Meadows Center ramps up climate program with climate-focused curricula, blog, podcast
As scientific reports continue to confirm that climate change is increasing temperatures, causing more frequent weather extremes and raising the sea level across the globe, The Meadows Center for Water and the Environment at Texas State University is working to ensure that Texans will be able to adapt to the change with the release of a new blog, podcast and TEKS-aligned (Texas Essential Knowledge and Skills) climate education curriculum.
Thanks to a starting gift from the Meadows Foundation in early 2021, the blog, podcast and curricula are part of a larger climate program being developed by The Meadows Center that is aimed at conducting applied science, education and policy analysis to best prepare Texas for a changing climate.
“Climate change is affecting all aspects of water resource management in Texas and across the world,” said Rob Dussler, chief education officer. “These new initiatives will engage people of all ages and facilitate important conversations about science, climate change and how we can make a positive change in our communities.”
According to a 2020 report from the National Center for Science Education and Texas Freedom Network Education Fund, Texas was one of only six states to earn an “F” grade for its teaching of climate change in public schools.
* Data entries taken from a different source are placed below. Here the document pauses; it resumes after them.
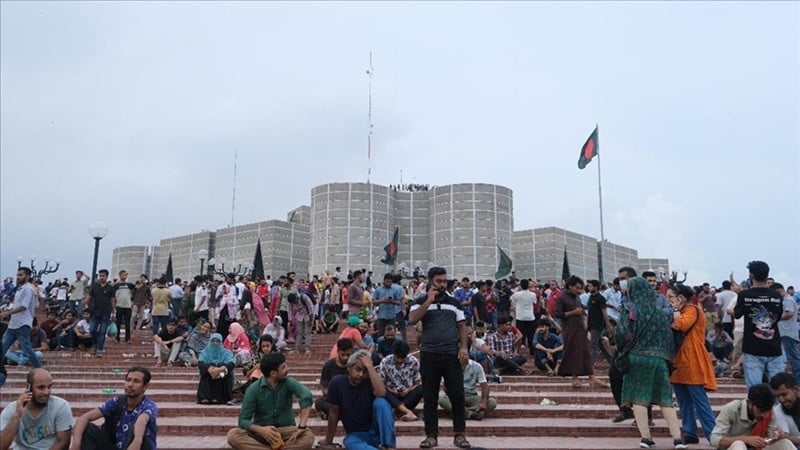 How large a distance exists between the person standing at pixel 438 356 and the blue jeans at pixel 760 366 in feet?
8.54

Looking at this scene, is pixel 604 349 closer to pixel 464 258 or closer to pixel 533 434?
pixel 533 434

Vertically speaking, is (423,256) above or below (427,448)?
above

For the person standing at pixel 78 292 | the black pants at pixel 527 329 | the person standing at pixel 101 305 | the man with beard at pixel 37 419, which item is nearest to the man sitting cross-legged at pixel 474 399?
the man with beard at pixel 37 419

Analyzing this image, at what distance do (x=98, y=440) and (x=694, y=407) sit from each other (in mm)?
4818

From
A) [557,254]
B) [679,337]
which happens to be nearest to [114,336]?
[679,337]

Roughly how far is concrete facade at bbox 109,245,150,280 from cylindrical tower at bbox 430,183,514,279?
2869cm

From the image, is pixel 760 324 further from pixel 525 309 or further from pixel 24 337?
pixel 24 337

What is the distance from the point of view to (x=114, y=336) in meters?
13.7

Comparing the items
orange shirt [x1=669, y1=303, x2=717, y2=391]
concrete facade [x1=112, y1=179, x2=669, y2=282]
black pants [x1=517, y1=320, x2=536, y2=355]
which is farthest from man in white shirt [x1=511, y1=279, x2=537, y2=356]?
concrete facade [x1=112, y1=179, x2=669, y2=282]

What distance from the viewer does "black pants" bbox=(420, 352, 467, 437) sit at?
18.0 ft

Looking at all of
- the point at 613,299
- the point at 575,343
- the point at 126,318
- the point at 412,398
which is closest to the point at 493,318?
the point at 613,299

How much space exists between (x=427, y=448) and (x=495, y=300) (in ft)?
29.5

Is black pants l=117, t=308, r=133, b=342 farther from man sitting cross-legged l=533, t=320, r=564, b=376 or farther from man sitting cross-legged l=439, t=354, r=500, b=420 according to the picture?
man sitting cross-legged l=439, t=354, r=500, b=420

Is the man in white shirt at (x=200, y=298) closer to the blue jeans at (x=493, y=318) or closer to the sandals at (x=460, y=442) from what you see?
the blue jeans at (x=493, y=318) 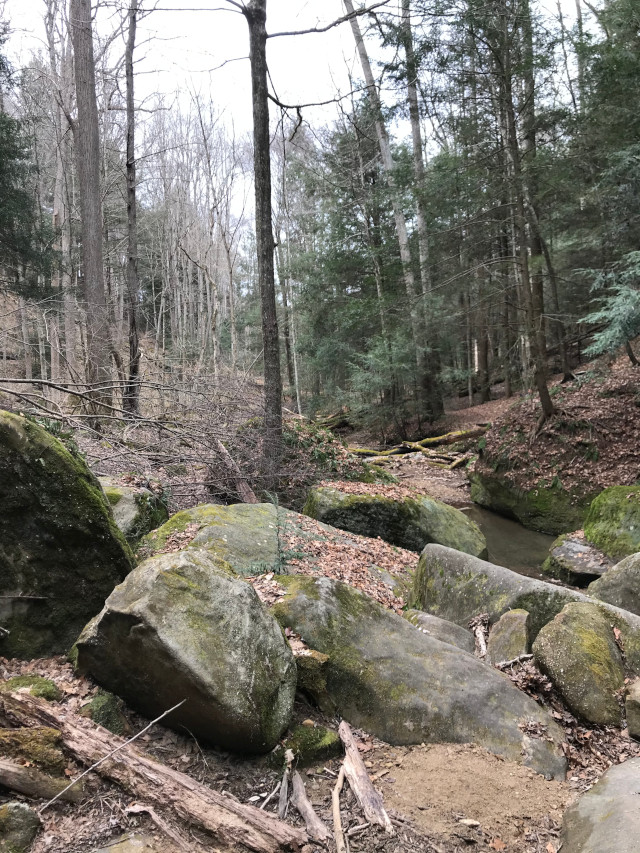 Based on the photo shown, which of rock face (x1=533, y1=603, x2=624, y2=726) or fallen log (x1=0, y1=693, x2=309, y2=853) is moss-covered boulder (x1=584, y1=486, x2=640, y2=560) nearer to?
rock face (x1=533, y1=603, x2=624, y2=726)

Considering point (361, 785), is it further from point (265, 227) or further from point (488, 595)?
point (265, 227)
Moreover, teachers receive little to no guidance on how to incorporate climate change topics into their lesson.
“The state’s TEKS standards outline what students are to learn in each course or grade, so it was a priority for us to align the new curricula with these standards to reinforce the educational value of our new curricula and eliminate potential barriers to participation,” said Dussler.
To help bridge the gap in climate education, The Meadows Center now offers a Climate Explorers Group Tour and Mindfulness at the Meadows Group Tour. The tours can be adapted to meet the learning goals of any age group, from pre-school to high school, giving students the opportunity to explore this complex topic in an engaging and age-appropriate manner.
“Communities across the state must work together to tackle climate change, and that includes our students and children,” said Dussler. “This new curriculum will provide vital context and knowledge for the next generation of climate leaders and policymakers.”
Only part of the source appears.